Figure 5. A lantern ring, intended for lubrication injection, has occasionally been used incorrectly to bleed off leakage to a lower pressure.

MM 19

If the packing on one plunger fails, the packing on the other plungers is near failure.This is often not true. For multiple reasons, one set of packing in a pump can fail prematurely. The other sets of packing may last weeks or months longer. Because of possible improper installation or startup procedure of replacement packing, changing good packing can actually result in a shorter life. Changing all packing, when one set fails, can also mask a problem with one particular stuffing box—such as misalignment or a scored plunger. If it ain’t broke, don’t fix it.

MM 20

A very smooth surface on a plunger will shorten packing life.I have heard it said, more than once, that a very smooth plunger surface will not retain a lubricant, resulting in a shorter packing life. I have not found that to be true. I have found that a smoother plunger will wear the packing less. My observations: 16 micro-inches is good, 8 micro-inches is very good, 4 micro-inches is excellent.

MM 21

A plunger that threads into a crosshead extension will not align properly with the crosshead. Wrong. I have found that a properly designed (and machined) threaded joint will provide excellent alignment between two mating parts.

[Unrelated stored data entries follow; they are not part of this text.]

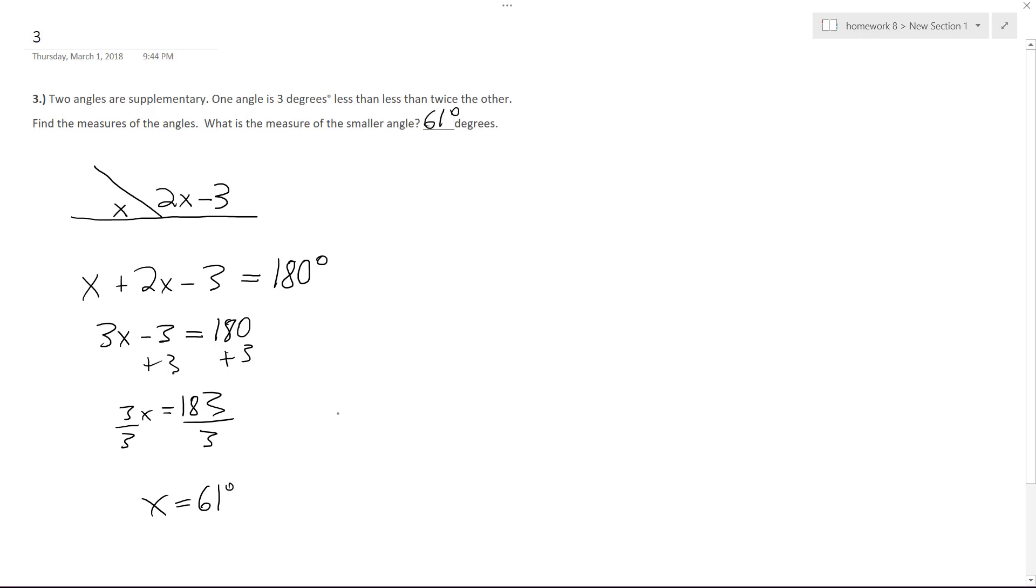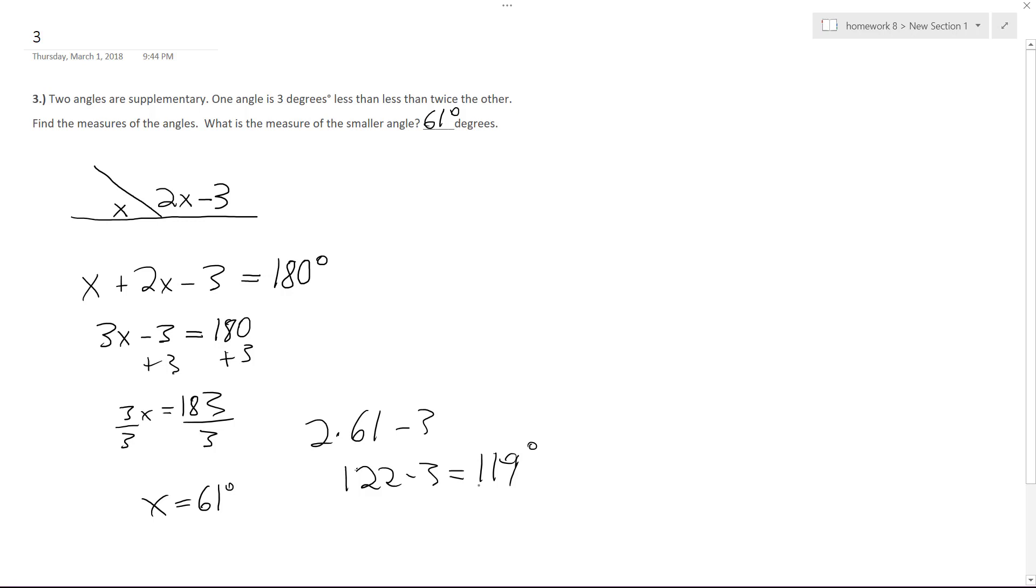But I'm just going to go ahead and solve for the larger angle, so 2 times 61 minus 3. So 122 minus 3 equals 119. So if you add up 119, this is the larger angle, 119 plus 61 equals 180 degrees, so it works out.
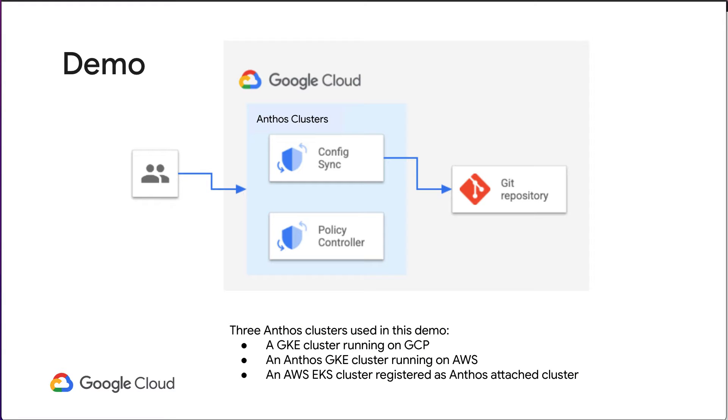In this demo, we'll show you how to install and configure ACM's config sync and policy controller across Anthos clusters.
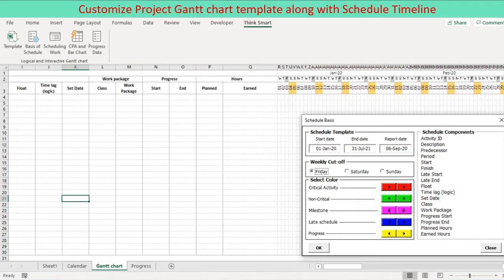Colors: critical activity schedule bar red, non-critical activity schedule bar green, late schedule bar gray, milestone diamond magenta, progress bar yellow. Review the initial setup and redefine to your own project using a user form.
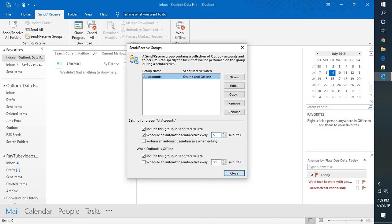If you try to reduce it to less than 5 minutes, there are chances that duplicate emails will be downloaded. When Outlook is offline, you can also schedule an automatic send and receive every 5 minutes.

  1. Greene, Arthur M. Jr., Pumping Machinery, John Wiley & Sons, Inc., New York, 1913.
  2. Worthington Pump and Machinery Corp., formulas and derivations for reciprocating pump valve lift and valve springs, 1949 1953.
  3. Wright, Elliott F., “New Developments in Reciprocating Power Pumps,” a paper presented to the 6th meeting of the National Conference on Industrial Hydraulics, 1955.
  4. Wright, E. F., Marks’ Mechanical Engineers’ Handbook, 6th Edition, Section 14 Reciprocating Power Pumps, 1958.
  5. Collier, Samuel L., “Knocking from Valve Hammer in Triplex Pumps,” ASME Paper 83 PET 29, 1983.
  6. Collier, Samuel L., Mud Pump Handbook, Gulf Publishing Co., 1983.
  7. Henshaw, Terry L., Reciprocating Pumps, Van Nostrand Reinhold Co. Inc., New York, 1987.
  8. Henshaw, Terry, “Power Pump Valve Dynamics – A Study of the Velocity and Pressure Distribution in Outward-Flow Bevel-Face and Flat-Face Power Pump Valves,” a technical paper presented at the 25th International Pump Users Symposium, Houston, Texas, 2009.
  9. Henshaw, T., “Think power pumps are self-priming? Think again!” Hydrocarbon Processing Magazine, December 2009. 10. Henshaw, Terry, “Improve Power Pump Performance with Stronger Valve Springs”, Compressor Tech Two, July 2010.